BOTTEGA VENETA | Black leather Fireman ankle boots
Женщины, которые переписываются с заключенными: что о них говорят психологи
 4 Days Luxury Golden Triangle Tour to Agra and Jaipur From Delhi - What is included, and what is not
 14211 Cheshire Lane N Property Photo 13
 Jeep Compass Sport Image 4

◇ ◇ ◇ ◇ ◇

→ WHAT IS NEEDED
Word for word, restate the line with "Женщины, которые переписываются" and all remaining lines of the material, stopping only at the final line.

→ RESPONSE TO THIS TASK
Женщины, которые переписываются с заключенными: что о них говорят психологи
 4 Days Luxury Golden Triangle Tour to Agra and Jaipur From Delhi - What is included, and what is not
 14211 Cheshire Lane N Property Photo 13
 Jeep Compass Sport Image 4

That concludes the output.